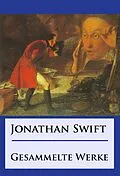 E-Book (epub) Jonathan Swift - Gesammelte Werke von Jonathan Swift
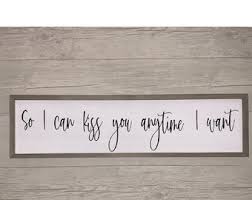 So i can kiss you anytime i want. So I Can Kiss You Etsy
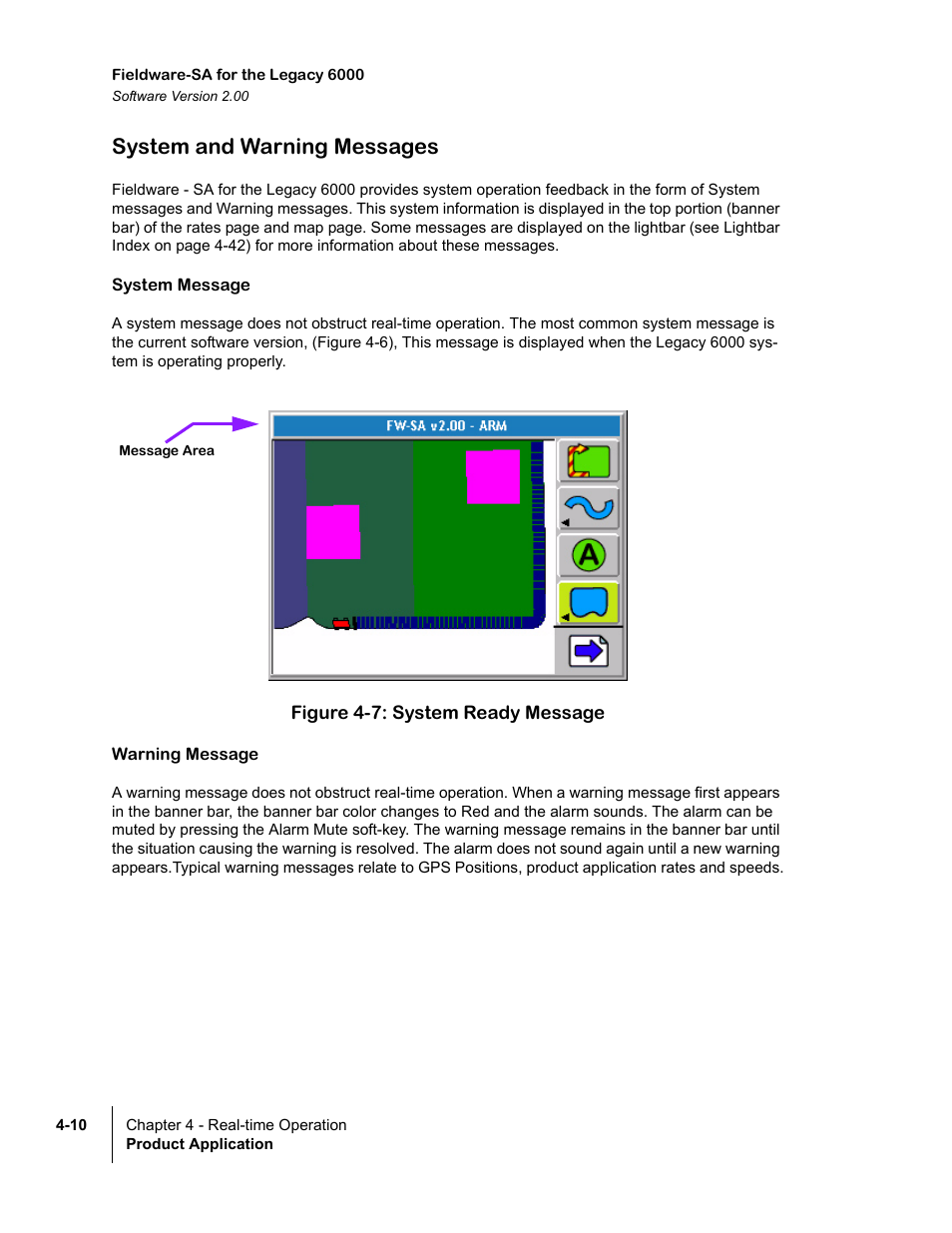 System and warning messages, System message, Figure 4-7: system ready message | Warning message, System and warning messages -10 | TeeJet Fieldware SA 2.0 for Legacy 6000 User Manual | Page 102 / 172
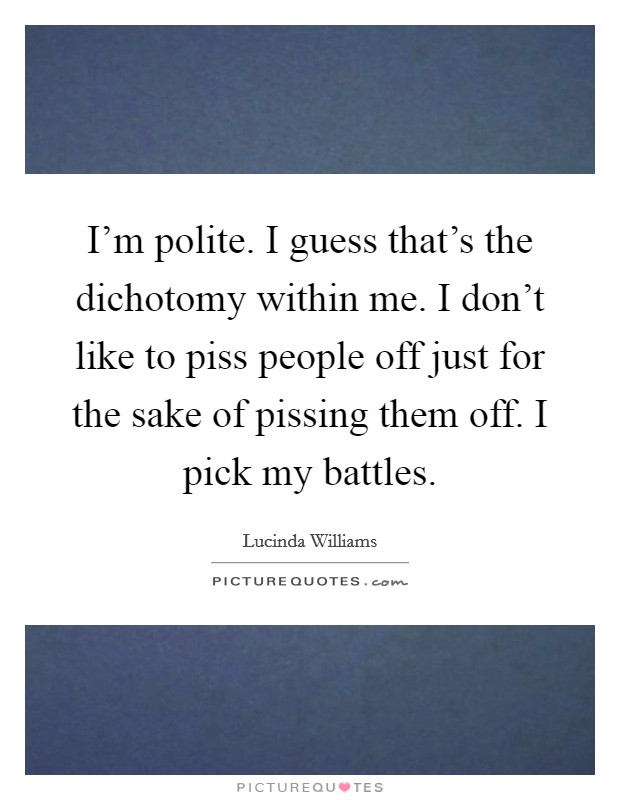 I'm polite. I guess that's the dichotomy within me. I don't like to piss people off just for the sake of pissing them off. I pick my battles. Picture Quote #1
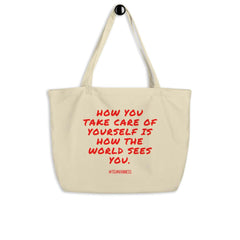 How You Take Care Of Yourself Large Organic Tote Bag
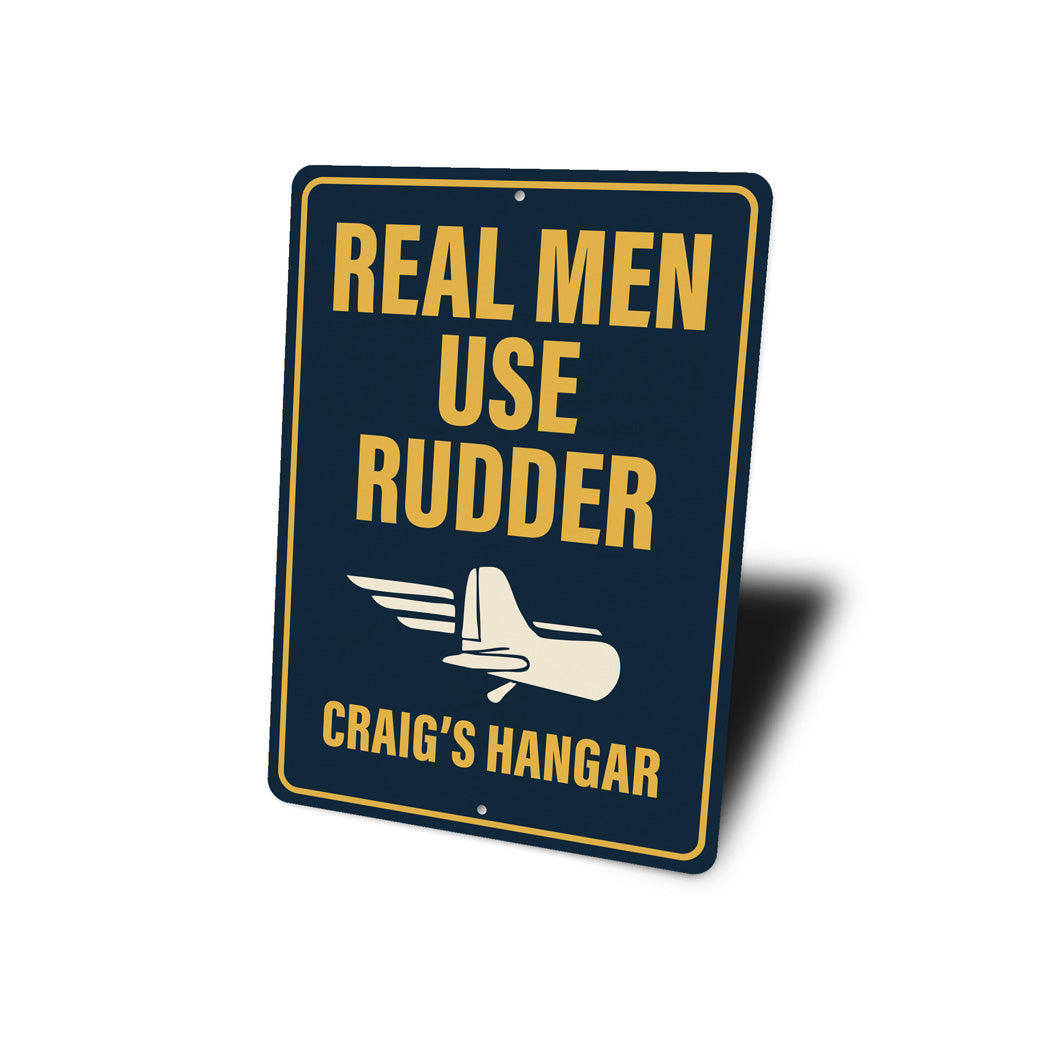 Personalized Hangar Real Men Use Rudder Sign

^^^^

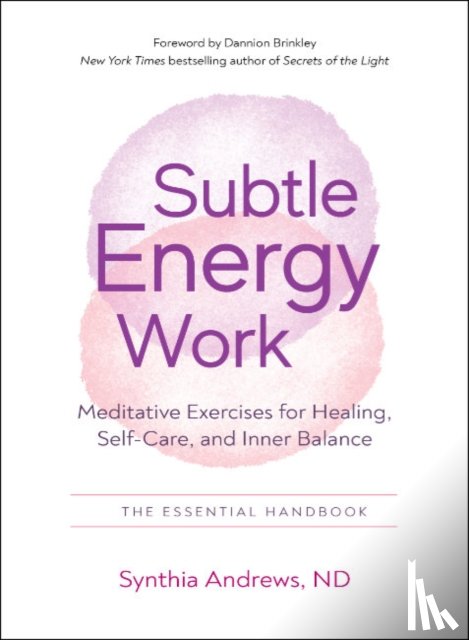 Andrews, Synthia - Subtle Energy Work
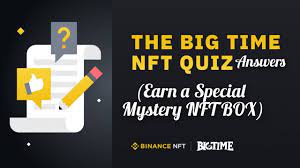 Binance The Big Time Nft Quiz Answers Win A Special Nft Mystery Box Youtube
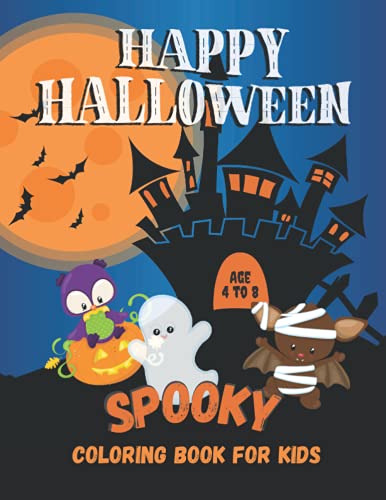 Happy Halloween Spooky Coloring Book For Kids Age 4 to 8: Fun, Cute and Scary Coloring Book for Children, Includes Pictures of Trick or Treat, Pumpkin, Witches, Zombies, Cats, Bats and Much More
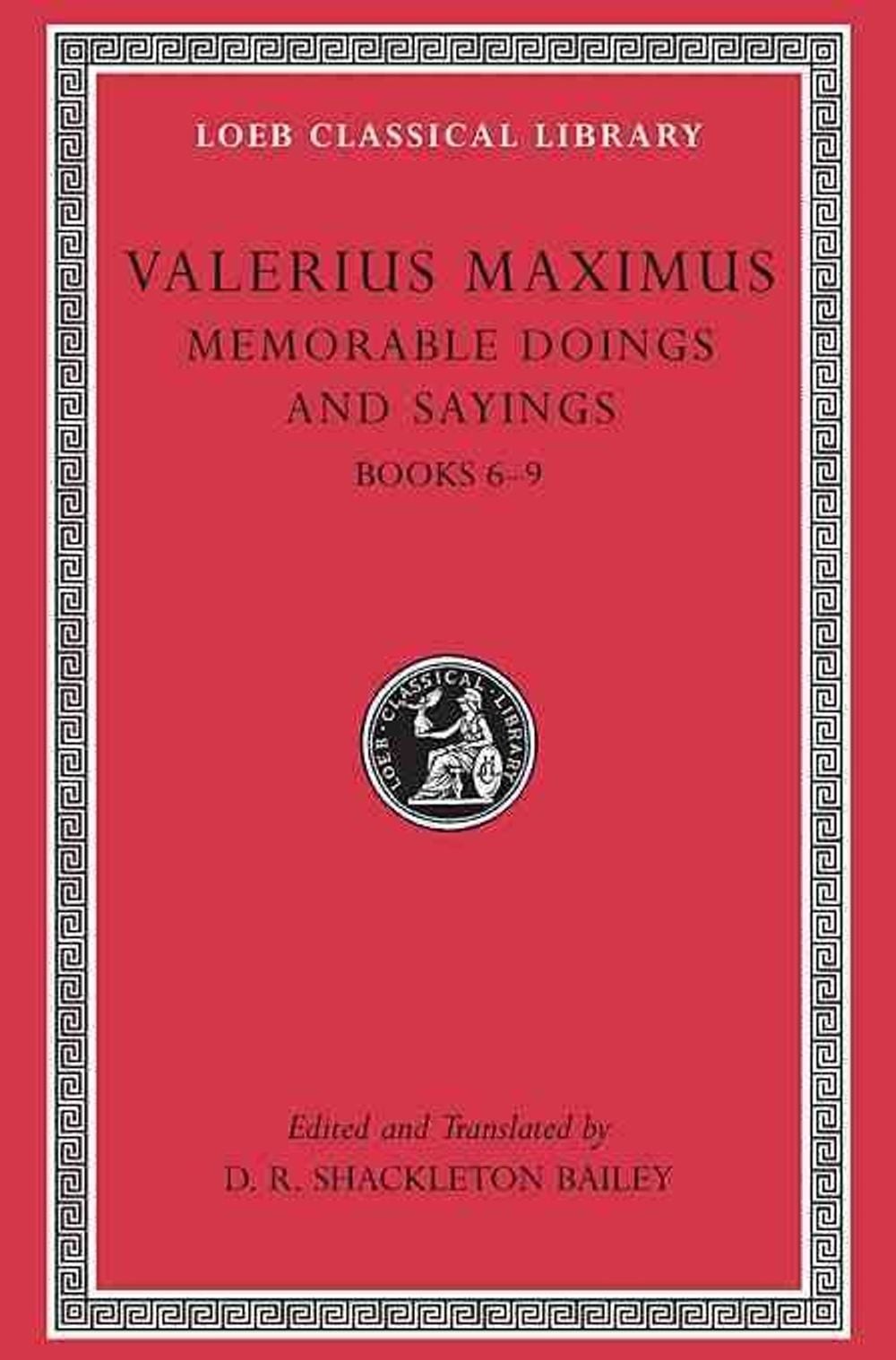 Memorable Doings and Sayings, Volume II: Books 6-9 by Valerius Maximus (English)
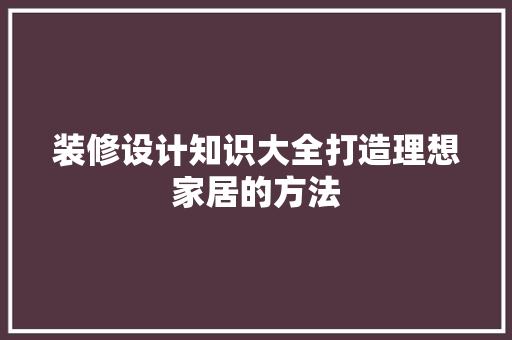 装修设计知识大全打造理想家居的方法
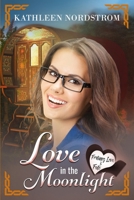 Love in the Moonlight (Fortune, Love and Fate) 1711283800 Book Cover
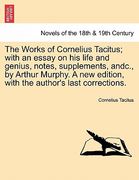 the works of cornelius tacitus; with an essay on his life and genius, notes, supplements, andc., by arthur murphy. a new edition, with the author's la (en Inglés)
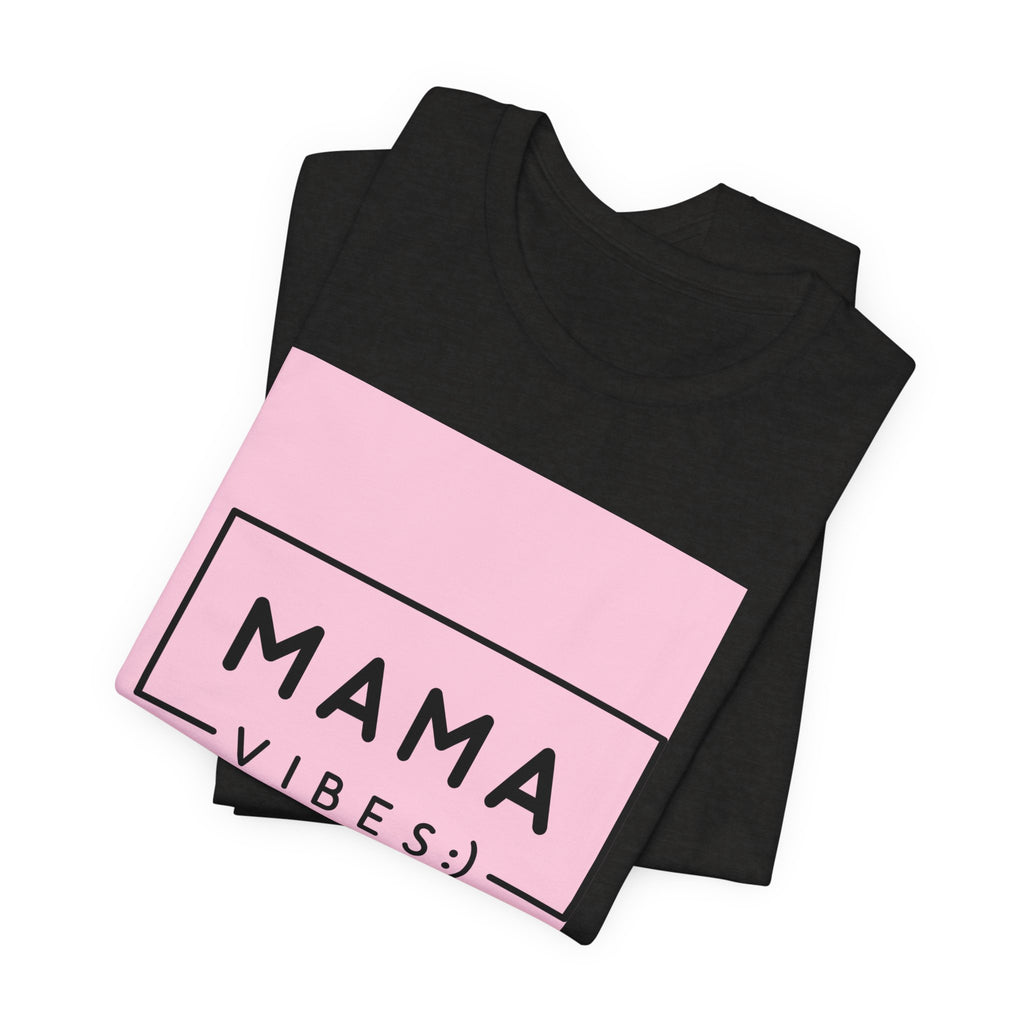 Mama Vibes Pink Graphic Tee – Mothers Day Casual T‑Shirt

^^^^

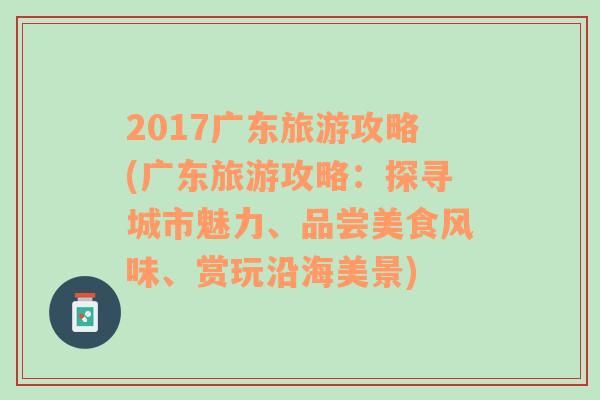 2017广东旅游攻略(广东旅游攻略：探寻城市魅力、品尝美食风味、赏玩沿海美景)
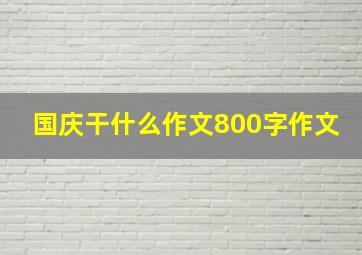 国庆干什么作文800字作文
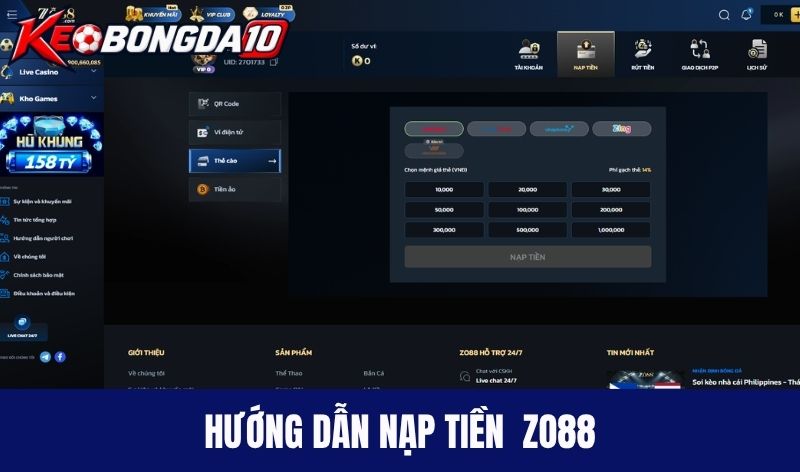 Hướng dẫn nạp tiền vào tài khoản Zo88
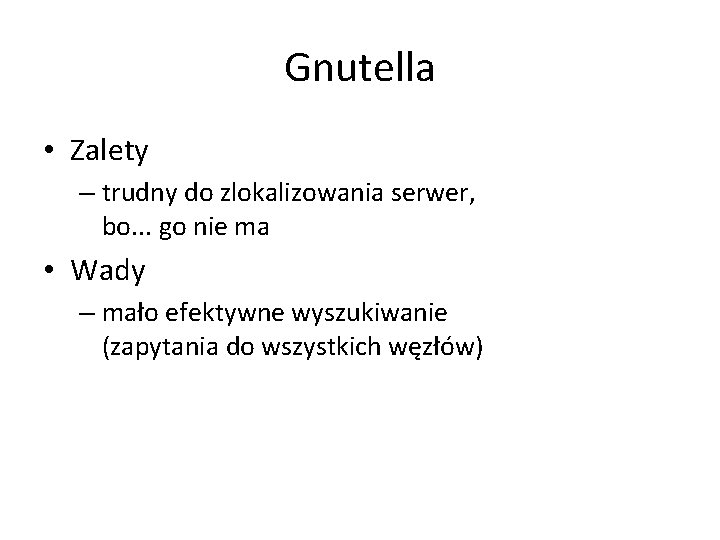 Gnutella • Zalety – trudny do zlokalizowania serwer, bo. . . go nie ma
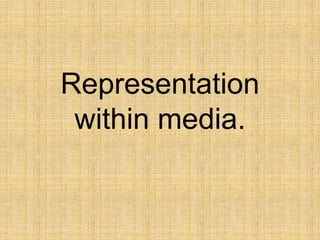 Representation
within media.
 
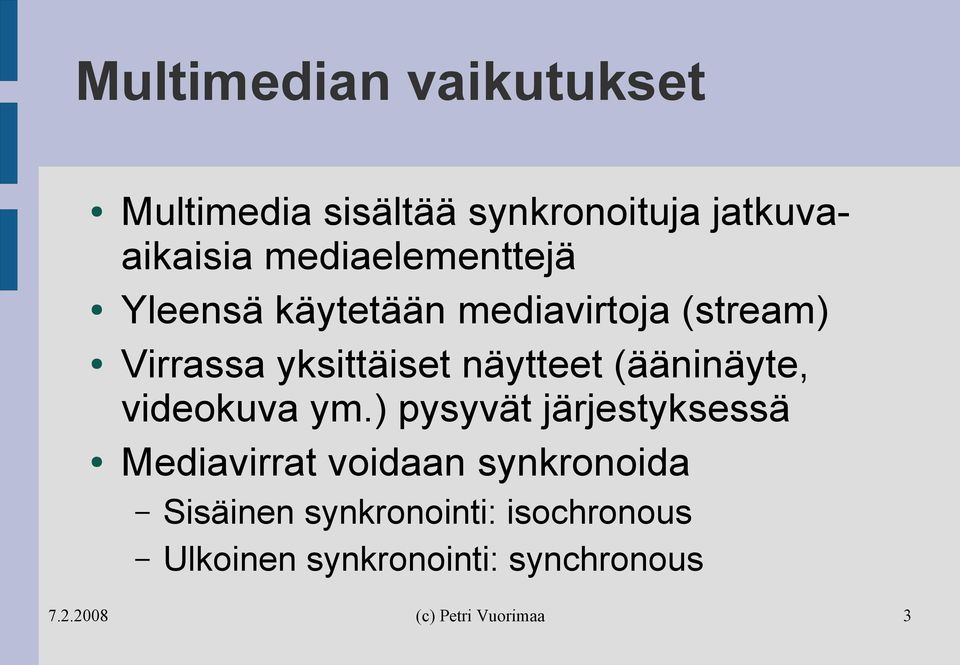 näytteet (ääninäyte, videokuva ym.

^^^^

### Problem
From the data above, return only the lines starting at the line that holds "2017广东旅游攻略(广东旅游攻略：探寻城市魅力、品尝美食风味、赏玩沿海美景)" and ending at the line that holds "näytteet (ääninäyte, videokuva ym.", word for word and without pictures.

### Output for this exercise
 2017广东旅游攻略(广东旅游攻略：探寻城市魅力、品尝美食风味、赏玩沿海美景)
 国庆干什么作文800字作文
 Hướng dẫn nạp tiền vào tài khoản Zo88
 Gnutella • Zalety – trudny do zlokalizowania serwer, bo. . . go nie ma
 Representation
within media.
 
 näytteet (ääninäyte, videokuva ym.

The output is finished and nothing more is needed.